Queensland Fire and Rescue Service Commander Bernie Massingham said the incident control centre at Peregian Springs would be maintained with a community recovery hub set up in Peregian Beach.

Eight rural crews will work inside the fire ground extinguishing logs and dampening down hot spots while two urban crews will be in and out of Peregian Beach streets to ensure homes and commercial properties remain safe and can return to as normal as possible.

Rural Fire Service officers take a break from battling a large bushfire at the northern end of the Sunshine Coast. Photo Patrick Woods / Sunshine Coast Daily.
Rural Fire Service officers take a break from battling a large bushfire at the northern end of the Sunshine Coast. Photo Patrick Woods / Sunshine Coast Daily.

Commander Massingham said firefighters were being rotated in an attempt to get them back to normal sleep patterns before returning to the scene.

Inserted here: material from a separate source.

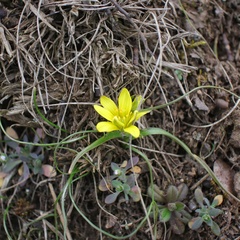 Gagea bohemica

Temperatures will warm today to four degrees above average with warmer conditions continuing through the weekend.

"We have no individual area of concern throughout the Sunshine Coast zone," Commander Massingham said.

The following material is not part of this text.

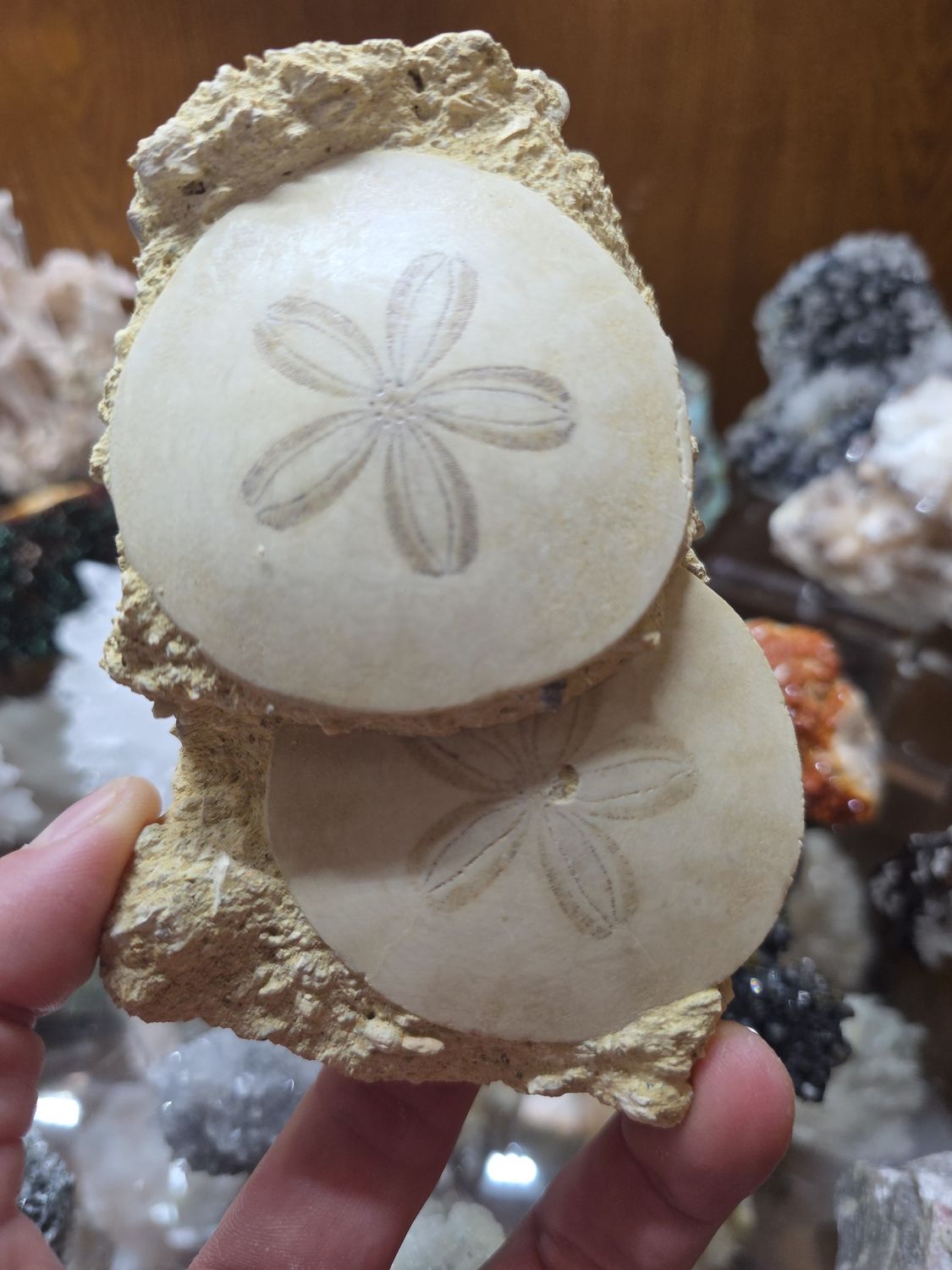 Fossilized Sand Dollars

"It's very dry and hinterland and hilly, densely-populated areas around Buderim will be watched.

"Fire fighters will remain be vigilant in their own patches, take stock and be ready to respond."

The response to the Peregian blaze was in line with a weight of attack strategy already being labelled the swiftest in Queensland's firefighting history.

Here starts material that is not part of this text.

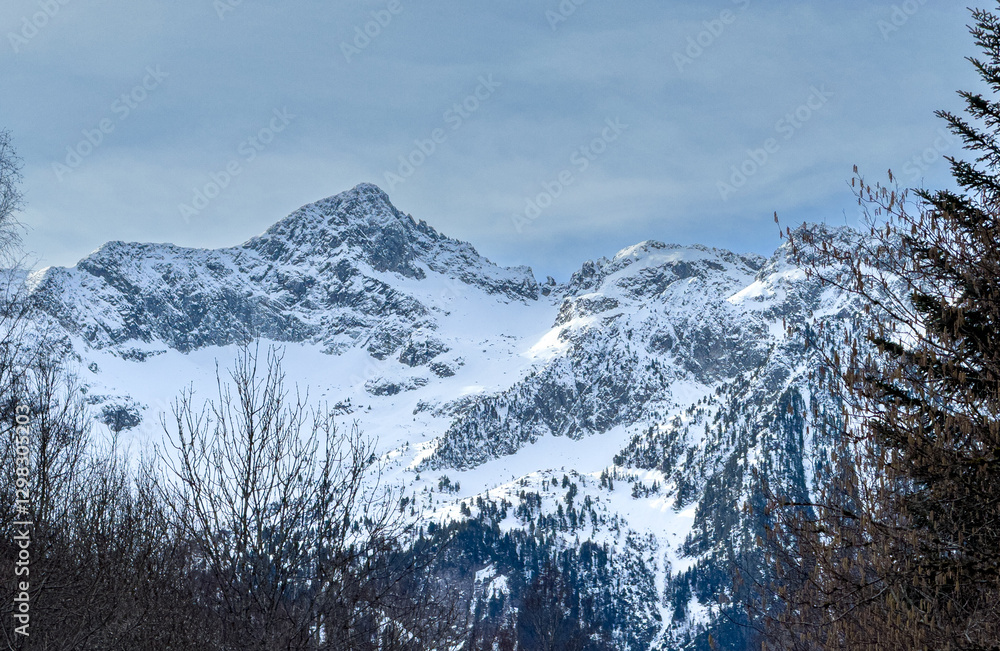 Obraz premium Snowy mountain peaks rising above a winter forest landscape.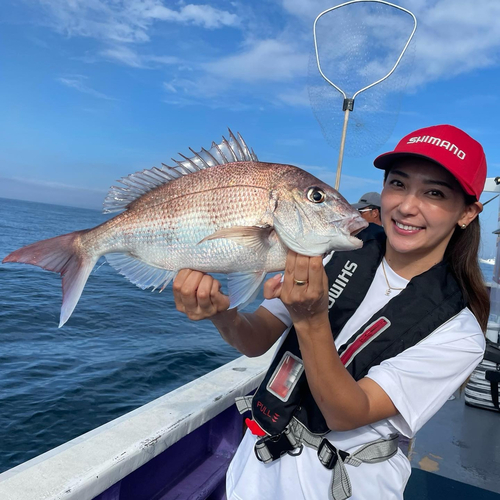 マダイの釣果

In the course of just a three-hour period the number of crews at the scene exploded from one truck to 115, leaving just three at stations across the entire region.

"It used to be one truck for 10 hours, now it's a 10-trucks for one-hour approach," Commander Massingham said.

"We try to get them under control as quickly as we can.

"There was so much residential property and commercial assets in the line of fire.

"There was no way we could stop it, but we could guide it.

"Each individual and crew where ever they were used tactics that were resourceful and came out on top.

"We pushed it away from homes and infrastructure and into open country.

"It was absolutely incredible."

Commander Massingham met yesterday with the Premier Annastacia Palaszczuk and the Assistant Commissioners for Police and Fire Services who later toured the fire ground boundaries and then flew over it.